Верно, у ограниченного и прижимистого дяди мальчику порой жилось не сладко, однако зла против викария Моэм никогда не держал, к его жене Софии же был даже привязан, да и она относилась к Уилли с симпатией, проводила с ним много времени и защищала, как могла, от нападок сурового супруга.
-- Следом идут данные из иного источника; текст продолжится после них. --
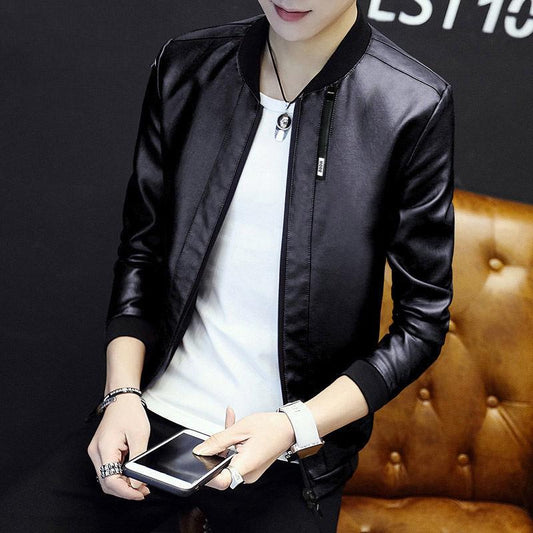 Men's casual jacket leather jacket large size men's jacket spring and autumn leather jacket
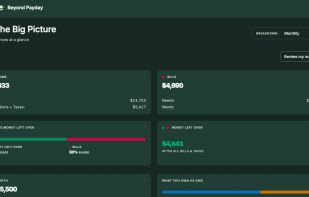 Dashboard: what's left each month and net worth (sample household)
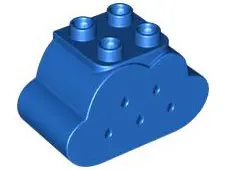 Blue Duplo, Brick 2 x 4 x 2 Cloud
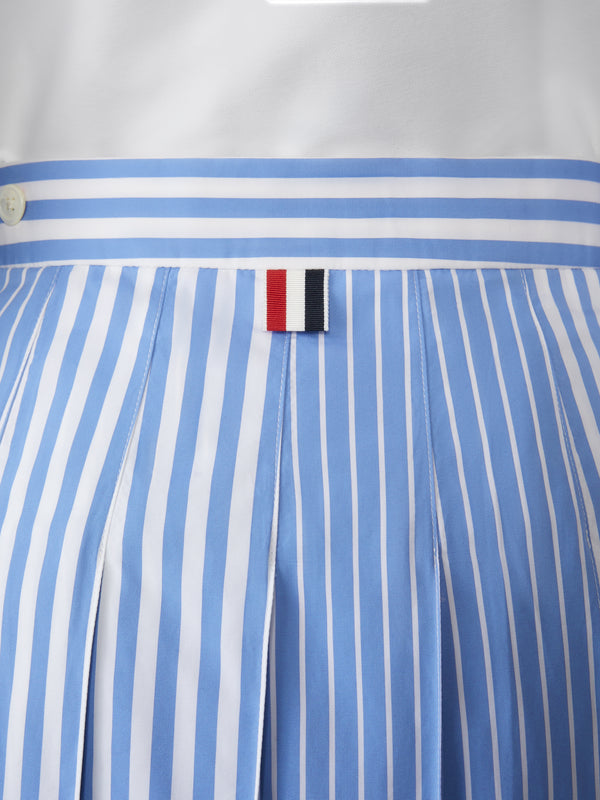 AWNING STRIPED POPLIN FUNMIX PLEATED SKIRT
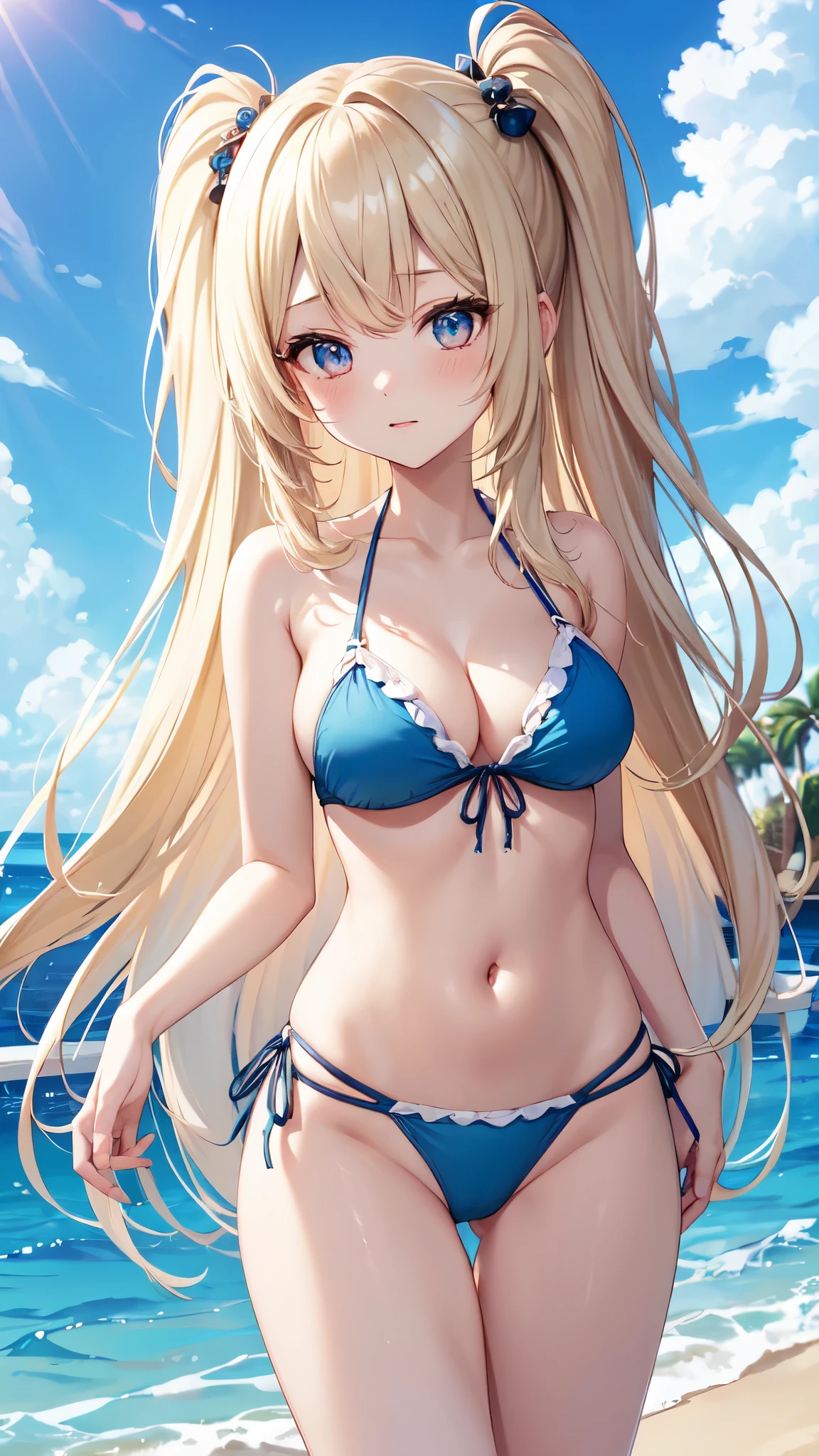 ((Best Quality)), (ultra-detailliert), ((Extremely detailed)), (Beautiful), ((Kawaii Girl)), ((UHD)), (masterpiece), (high quality), (best quality), (4K), (high quality), 1, solo girl, 1girl, ((platinum blond hair)), parted bangs, ((hair intakes)), long hair, (hair two side up long), ((jade colored eyes)), slanted eyes, large breasts, slender body, layered bikini, Pool Background, (blue sky:1.3), solar, sunlight, anime style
Свою жизнь у опекуна, при всем ее однообразии и скуке, Моэм вспоминал не без юмора и, хотя дядю и недолюбливал, не мог не отдавать должное его надежности, добросовестности и не раз спорил с братом Фредди, говорившим: «Боюсь, богослов из него получился не слишком вдумчивый, да и опекун он тоже не ахти». На экземпляре первого романа Моэма «Лиза из Ламбета», который он послал дяде Генри за две недели до его смерти, написано: «Викарию… с любовью от автора». Слово «любовь» здесь, конечно, формальное, но ведь его могло и не быть…
Когда же писателю было за семьдесят, он побывал, впервые за шестьдесят лет, в доме Папаши Моэма и записал на обороте титула своих «Записных книжек», только что тогда вышедших из печати: «Пишу эти строки в столовой дома викария в Уитстейбле, где я проводил каникулы, когда ходил в школу. В этой комнате дядя с теткой учили меня играть в вист». И научили: Моэм всю жизнь слыл заядлым картежником; скучноватому и примитивному висту предпочитал, впрочем, азартные триктрак и покер, а также затейливый бридж.